China approved 25 gigawatts (GW) of new coal capacity in the first half of 2025, while 21 GW were commissioned during the period, the highest half-yearly level since 2016. Annual additions are expected to exceed 80 GW, extending the impact of the approval waves of 2022-2023. This commissioning momentum occurred as coal’s share in power generation fell to 51% in June.
Permits, pipeline and construction
The flow of permits remains high but below recent peaks: 25 GW approved in H1 2025, after 2022-2023 years that exceeded 100 GW annually. Indicating a strong pipeline, “new and revived” projects totaled 75 GW during the period, the highest half-year level in a decade. These additions respond to a logic of securing the power system and anticipating the 2030 “carbon peak” deadline.
Construction starts and restarts reached 46 GW in the first half of 2025, equivalent to South Korea’s entire coal capacity. In parallel, retirements remain modest: 1 GW closed in H1 and 16 GW since 2021, while 13 GW more would need to be retired by the end of 2025 to meet the 14th Five-Year Plan target of 30 GW.
Power mix, demand and emissions
The drop to 51% of coal’s share in June occurred as renewables expanded. Combined wind and solar additions are expected to exceed 500 GW in 2025, largely covering electricity demand growth. Solar generation rose 20% year on year and wind by 10.6%, while coal-fired output declined by 2.9%. Several analyses estimate that CO₂ emissions from the power sector decreased in the first half of 2025.
Domestic production and import arbitrage
On the mining side, domestic coal production reached 2.40 billion tons between January and June 2025, then 2.78 billion tons over January-July. July output was 380.99 million tons, down from the previous year. These high volumes reduced reliance on imported cargoes in the first half.
Total coal imports fell by 11.1% in H1 2025 to 221.7 million tons, with a low of 33.04 million tons in June. At the same time, demand shifted toward higher calorific value coal, reducing the share of Indonesian purchases, against a backdrop of weak regional prices.
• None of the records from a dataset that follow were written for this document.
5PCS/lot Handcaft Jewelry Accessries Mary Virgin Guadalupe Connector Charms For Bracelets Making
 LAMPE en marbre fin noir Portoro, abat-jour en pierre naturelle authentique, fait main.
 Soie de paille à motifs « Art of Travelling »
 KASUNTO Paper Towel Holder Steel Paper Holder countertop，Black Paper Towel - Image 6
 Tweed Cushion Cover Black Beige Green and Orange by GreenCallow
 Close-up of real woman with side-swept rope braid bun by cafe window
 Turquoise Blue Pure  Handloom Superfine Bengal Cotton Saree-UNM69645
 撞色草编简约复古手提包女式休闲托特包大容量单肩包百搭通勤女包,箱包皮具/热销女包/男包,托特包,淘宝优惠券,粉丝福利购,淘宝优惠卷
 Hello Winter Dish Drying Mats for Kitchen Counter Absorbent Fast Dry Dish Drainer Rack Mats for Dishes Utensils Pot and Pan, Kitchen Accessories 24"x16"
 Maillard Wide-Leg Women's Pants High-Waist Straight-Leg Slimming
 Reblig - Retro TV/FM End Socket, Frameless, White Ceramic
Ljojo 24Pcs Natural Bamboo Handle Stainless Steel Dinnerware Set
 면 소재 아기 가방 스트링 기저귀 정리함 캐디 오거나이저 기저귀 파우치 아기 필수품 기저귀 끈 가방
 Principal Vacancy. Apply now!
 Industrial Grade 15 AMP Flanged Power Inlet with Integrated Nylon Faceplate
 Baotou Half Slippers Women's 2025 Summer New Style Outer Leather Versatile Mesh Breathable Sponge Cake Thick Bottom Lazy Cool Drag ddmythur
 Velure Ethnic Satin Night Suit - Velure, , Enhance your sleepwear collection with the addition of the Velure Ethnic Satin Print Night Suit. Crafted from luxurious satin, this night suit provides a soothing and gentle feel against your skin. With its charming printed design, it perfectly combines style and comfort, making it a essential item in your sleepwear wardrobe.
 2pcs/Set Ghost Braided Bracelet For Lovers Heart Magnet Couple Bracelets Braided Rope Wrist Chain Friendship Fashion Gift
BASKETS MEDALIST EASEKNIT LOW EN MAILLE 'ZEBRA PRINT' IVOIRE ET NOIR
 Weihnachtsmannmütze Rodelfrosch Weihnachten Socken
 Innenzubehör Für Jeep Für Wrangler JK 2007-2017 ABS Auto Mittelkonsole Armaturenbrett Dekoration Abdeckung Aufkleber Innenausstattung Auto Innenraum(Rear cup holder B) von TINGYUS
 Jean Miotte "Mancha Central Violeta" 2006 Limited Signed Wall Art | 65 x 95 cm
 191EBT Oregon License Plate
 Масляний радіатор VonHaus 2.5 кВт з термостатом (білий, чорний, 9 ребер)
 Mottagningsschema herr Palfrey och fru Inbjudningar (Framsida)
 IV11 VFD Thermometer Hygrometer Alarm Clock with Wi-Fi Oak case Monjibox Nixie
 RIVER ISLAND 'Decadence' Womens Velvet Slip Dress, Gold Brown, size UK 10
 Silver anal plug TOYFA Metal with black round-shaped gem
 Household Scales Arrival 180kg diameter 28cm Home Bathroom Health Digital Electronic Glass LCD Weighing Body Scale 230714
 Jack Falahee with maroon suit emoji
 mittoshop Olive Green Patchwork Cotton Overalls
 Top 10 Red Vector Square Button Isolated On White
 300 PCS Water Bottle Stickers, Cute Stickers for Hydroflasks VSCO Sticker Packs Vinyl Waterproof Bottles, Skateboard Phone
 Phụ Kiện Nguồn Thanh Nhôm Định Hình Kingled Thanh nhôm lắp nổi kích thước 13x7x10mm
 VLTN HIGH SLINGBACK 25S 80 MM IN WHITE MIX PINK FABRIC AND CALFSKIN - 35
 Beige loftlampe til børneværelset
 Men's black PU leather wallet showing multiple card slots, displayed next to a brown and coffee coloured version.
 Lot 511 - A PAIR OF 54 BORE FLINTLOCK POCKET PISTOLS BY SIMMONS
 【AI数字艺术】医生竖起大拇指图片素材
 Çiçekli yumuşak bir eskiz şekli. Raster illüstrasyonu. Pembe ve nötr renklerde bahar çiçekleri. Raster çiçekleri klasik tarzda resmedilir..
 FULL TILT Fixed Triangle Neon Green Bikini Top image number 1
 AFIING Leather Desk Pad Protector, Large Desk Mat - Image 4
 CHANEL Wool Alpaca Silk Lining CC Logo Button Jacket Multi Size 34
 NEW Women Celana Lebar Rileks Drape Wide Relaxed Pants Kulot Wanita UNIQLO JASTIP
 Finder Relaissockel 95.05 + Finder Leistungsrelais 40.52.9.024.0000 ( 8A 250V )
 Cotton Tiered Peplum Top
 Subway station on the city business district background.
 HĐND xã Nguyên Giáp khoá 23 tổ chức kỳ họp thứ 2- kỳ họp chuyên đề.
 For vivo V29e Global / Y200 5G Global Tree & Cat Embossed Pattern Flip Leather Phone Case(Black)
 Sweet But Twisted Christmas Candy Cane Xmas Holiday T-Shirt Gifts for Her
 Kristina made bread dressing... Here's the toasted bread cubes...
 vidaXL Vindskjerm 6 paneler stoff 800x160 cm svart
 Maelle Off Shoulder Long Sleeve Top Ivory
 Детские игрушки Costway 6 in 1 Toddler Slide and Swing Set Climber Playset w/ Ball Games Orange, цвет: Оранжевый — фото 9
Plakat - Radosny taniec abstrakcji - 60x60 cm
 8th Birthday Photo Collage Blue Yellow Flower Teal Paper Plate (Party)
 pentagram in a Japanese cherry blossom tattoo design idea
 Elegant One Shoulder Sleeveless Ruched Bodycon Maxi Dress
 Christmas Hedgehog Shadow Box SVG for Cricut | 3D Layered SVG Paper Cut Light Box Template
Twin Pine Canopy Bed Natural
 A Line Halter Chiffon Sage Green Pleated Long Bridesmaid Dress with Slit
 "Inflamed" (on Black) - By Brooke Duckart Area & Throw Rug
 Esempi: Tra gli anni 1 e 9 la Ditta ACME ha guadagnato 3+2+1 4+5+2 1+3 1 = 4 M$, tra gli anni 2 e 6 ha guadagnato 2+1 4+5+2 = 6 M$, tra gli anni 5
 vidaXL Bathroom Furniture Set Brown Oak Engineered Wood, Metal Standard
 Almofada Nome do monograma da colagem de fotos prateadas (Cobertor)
Industrial outlook and timeline
The year 2025 combines a decline in coal’s share of the mix with a peak of commissioning linked to earlier approval cycles. The 46 GW of projects started or restarted in H1 suggest a continued flow of completions through 2026-2027. The constraint remains on retirements, still insufficient compared with the targets set for end-2025. In this context, the trajectory of demand, the use of dispatchable capacity, and the contractual structure of electricity purchases will weigh on the balance of the fleet.